A mi hermana Lesbia no la veía desde hacía tres años. De mis cuatro hermanas, es la única que tiene visa americana, por lo tanto, para su hija “Chichita” y para mí tenerla entre nosotras representa un muy valioso y amado tesoro porque prácticamente no tenemos familia en este querido país. Su salida de Venezuela no le fue fácil, como a la mayoría de los compatriotas, porque previo tuvo que atravesar el territorio y llegar hasta Río de Janeiro en un intrincado viaje para renovarla. En Venezuela, no existe embajada americana y quienes optan por la visa deben realizar un peregrinaje por otras naciones. No todo el mundo puede hacerlo y, la inversión, no garantiza que le otorguen el ansiado documento. Dios la acompañó en ese largo y peligroso viaje a la tierra de la Caipiriña.
No sé si a ustedes les pasa, pero cuando se tiene tantos años haciendo vida en otro país y nuestro cerebro recibe la alerta de que un familiar vendrá, se activan los recuerdos, la nostalgia, los planes y, lo peor, los deseos. Entonces, te imaginas comiéndote algo de lo que más saboreabas de tu país. En mi caso, una empanada con cazón y queso llanero, aunque este lo vendan en el “Arepazo”, por aquello de que “no es lo mismo”. Me atreví, entonces, a pedir ruedas de carite frito (serrucho le dicen los cubanos) con el que luego haría un asopado, una añeja receta que heredó mi mamá de su abuela y, aunque no lo dije, seguro que de “sorpresa” mis hermanas me enviarían mi apetecido guiso de cazón (una especie de tiburón pequeño) y los ajíes margariteños. Obvio, todo esto vendría en su maleta empacado al vacío.
Lo cierto es que mi Lesbia (mi amada tercera hermana) llegó y con ella los abrazos, mimos, recuerdos, saludos y todo ese cúmulo de historias compartidas y nostalgias. También su equipaje que, por cierto, pesaba más que “un matrimonio obligado”. Cuando desempacó mi corazón se arrugó, pues no me trajo lo pedido. Sus regalos eran otros. Por lo tanto, mis expectativas, quedaron arrinconadas en el fondo de su valija.

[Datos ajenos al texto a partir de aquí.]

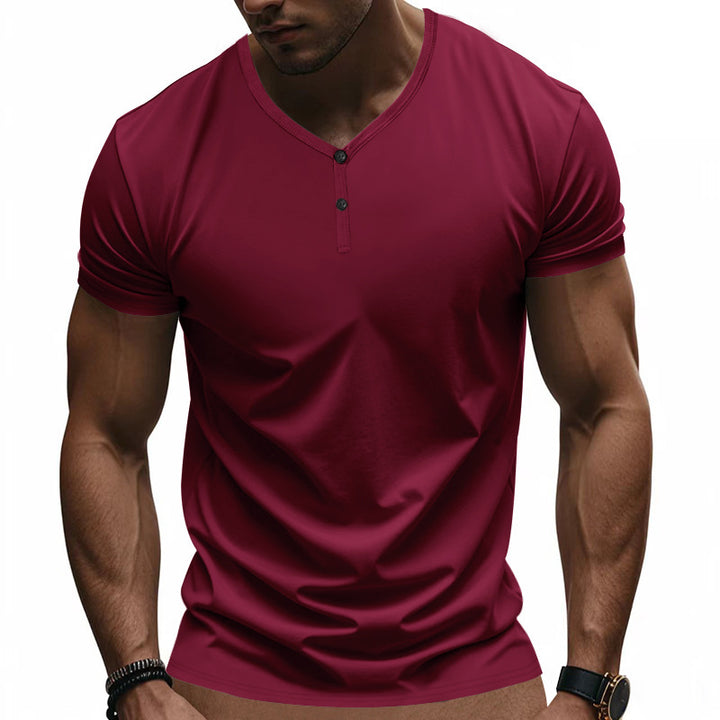 Herren Kurzarm Henley-T-Shirt mit strukturiertem V-Ausschnitt Echoarchiv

Entonces, mis gentiles lectores, le hago este relato con la intención de que si es cierto que las expectativas, sueños o ilusiones nos alientan a vivir, disfrútenlas sin apegos, para que cuando no acontezcan como esperábamos la frustración o desilusión no los invada y nos culpemos con que pude haber sido y no fue. Esto representa un desgaste de energía increíble. Vivan sus expectativas que pueden ser altas o bajas, razonables o no, buenas o malas porque es natural generarlas, pero sin apegarse a los resultados y sin ansiedad. Figúrense ustedes si se ponen expectativas más elevadas, esas que nos cuesta cumplir. ¿Cómo sería el desaliento?. La idea es no aferrarse a ellas, sortearlas para evitar desilusión.
Si las aprendem os a manejar la decepción será canalizada sin que nos afecte porque la expectativa y la realidad casi nunca van de la mano. Por ejemplo, la de Lesbia fue que no encontró carite y se le olvidó el cazón. Entonces, no se queden con ese sabor amargo en la boca…
Para no salir decepcionado, lo mejor es dejar que las cosas fluyan y el agua corra, sin esperar nada, porque cuando solo se enfoca en lo que espera, se pierde la oportunidad de disfrutar lo que tiene y se multiplica la posibilidad de decepcionarse por lo que le falta. Al quitar el tono de exigencia, se libera la angustia y el enojo. Las cosas fluyen y se abre la posibilidad de agradecer, de poder disfrutar y valorar lo que llega porque es valioso e inesperado.
La Biblia establece algunos principios que nos ayudan a formar expectativas y a lidiar con la de los demás, por ejemplo, esta: “El amor es paciente y bondadoso, y no insiste en su propio camino” (1 Corintios 13:4-7).